Trabajos forzados en el Valle
Los defensores de la obra alegan que todos eran voluntarios, que percibían un salario y además se les perdonaba parte de su pena de prisión expiando su culpa a pico y pala. Sí, formalmente eran voluntarios, pero eran como aquel condenado a la horca a quien dejaban escoger el árbol del que lo colgarían. Mejor ciertamente trabajar al aire libre que pudrirse amontonados en una de aquellas prisiones superpobladas e insalubres. Opción tanto más preferible si además percibían un salario, por mísero que fuera, que les permitía enviar algo a la familia, con gran negocio de la empresa constructora (Huarte o algún otro de los aventajados concesionarios de obras públicas) que explotaba aquella mano de obra barata, y mejor aún si encima se les descontaban varios días de prisión por cada uno de los trabajados. Era aquella una voluntariedad muy especial.

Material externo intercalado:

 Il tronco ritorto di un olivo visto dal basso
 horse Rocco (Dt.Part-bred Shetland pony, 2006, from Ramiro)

El P. José Agustín Pérez del Pulgar, S. J., se enorgullecía de haber creado la “Obra de la Redención de Penas por el Trabajo” (Orden del 7-X-1938), en colaboración con el Director General de Prisiones, que curiosamente atendía al nombre de “Máximo Cuervo”, que no era un mote impuesto por los presos, sino que realmente se llamaba así. En aquella institución, que se pretendía humana y hasta cristiana, latía la idea perversa de que aquellos presos republicanos no eran solo delincuentes sino también pecadores, que necesitaban expiar su pecado con el trabajo, como Adán después del pecado original. Si según el psiquiatra del régimen Vallejo Nájera los comunistas eran enfermos mentales, para Pérez del Pulgar todos los republicanos eran pecadores. El sistema podía haberse llamado “Reducción de penas”, pero el nombre de “Redención” tenía una sobrecarga bíblica y teológica con la cual aquel negocio del trabajo casi gratuito se asimilaba sacrílegamente a la obra de la Redención de Cristo.

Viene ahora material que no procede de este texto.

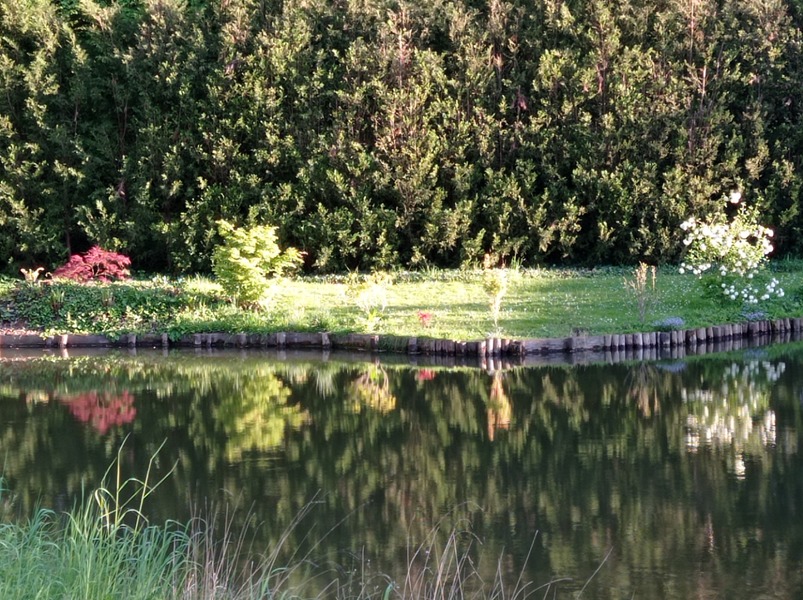 Le jardin au-delà de l'eau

¿Humanidad? Según las instrucciones impartidas por el P. Pérez del Pulgar a los capellanes de prisión, no tenían que poner nunca en duda la justicia de las condenas, ni ofrecer sus buenos oficios para aliviar la condición de los presos. Era una mentalidad bastante generalizada. Son numerosos los testimonios de la actitud inhumana de muchos capellanes de prisiones, que (con honrosas excepciones) en sus sermones o alocuciones a los presos no solo aprobaban las sentencias sino que les decían que no eran dignos de la misericordia con que el Caudillo los trataba. Cuando Carrasco Formiguera fue apresado con toda su familia, sus hijos pequeños, en el orfelinato donde estaban recluidos, se disponían a comulgar, como de costumbre, en la misa del domingo, pero les dijeron que estaban en pecado y antes tenían que confesarse, y cuando lo hicieron el cura les puso a todos la misma penitencia: “Reza un padrenuestro por la conversión de tu padre”.
Cuando tras la derrota de los países del Eje Franco quiso maquillar su régimen, uno de los retoques fue convertir aquel mausoleo de los vencedores de la guerra civil en sitio de oración por todos los muertos de ambos bandos y santuario de reconciliación, con un centro de estudios de la doctrina social de la Iglesia, que contribuiría a la paz en el futuro. Entonces ya no había lugar para pecadores redimiéndose con su trabajo.